AI (Artificial Intelligence) copywriting platform writerbuddy.ai has released the results of a study looking at investment into AI. The company analysed over 10,000 AI companies and their funding data between 2015 and 2023, using data from CrunchBase, NetBase Quid, S&P Capital IQ, and NFX.
It found that corporate AI investment has risen consistently to the tune of billions. Investment soared from $12.75bn (£10.3bn) in 2015, to $93.5bn in 2021, a 633.33 per cent increase over the six-year period.
If you compare the change from 2020 to 2021 with the previous three years, where AI investment remained almost consistent, it’s clear that the 2020 pandemic accelerated this growth.
Although there was a slight drop in investment volumes in 2018, there has been a recurring boost in investment volumes every year since then. And as consulting firms like McKinsey and Delloite continue to fuel the digital transformation craze and AI becomes more accessible, the firm said it expects more investors to fund AI-focused/machine learning operations (MLOps) startups.
The rise of Open AI
The incredible rise of Open AI dominates AI funding. OpenAI leads the pack with over $11bn amassed since its inception, while all the other companies received a combined funding of about $3bn. However, all 10 of the most-funded MLOps startups each received over $100m in funding.
The next best-funded AI startup was Anthropic. It was founded by OpenAI’s former employees, who aimed to develop more human-like and safe AI. The company raised $1bn in funding in three rounds. Google is its most recent investor, having sunk $300m into the company. Scale AI, data annotation platform that provides high-quality data to train AI models, has raised $602.6m, with the most recent investment round amassing $117m, to support 15 AI projects.

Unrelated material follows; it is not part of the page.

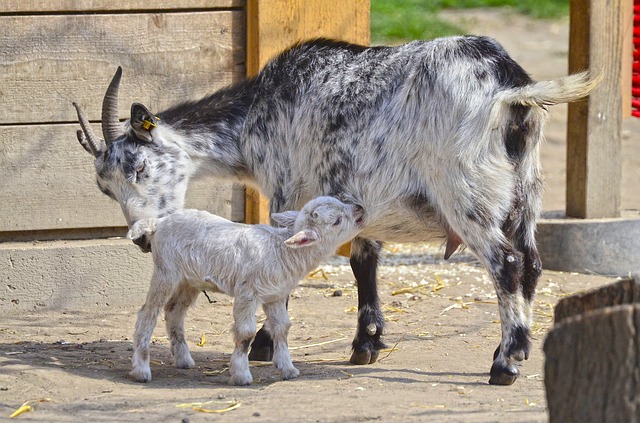 Susu kambing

Other AI firms that have attracted significant investment include Anyscale, a computing platform that simplifies the development, deployment, and management of Ray applications at scale ($259m); Inflection AI, which enables developers to train AI models without sharing that data with anyone ($225m); and Weights & Biases, which created a developer-first MLOps platform that offers performance visualisation tools for machine learning ($200m).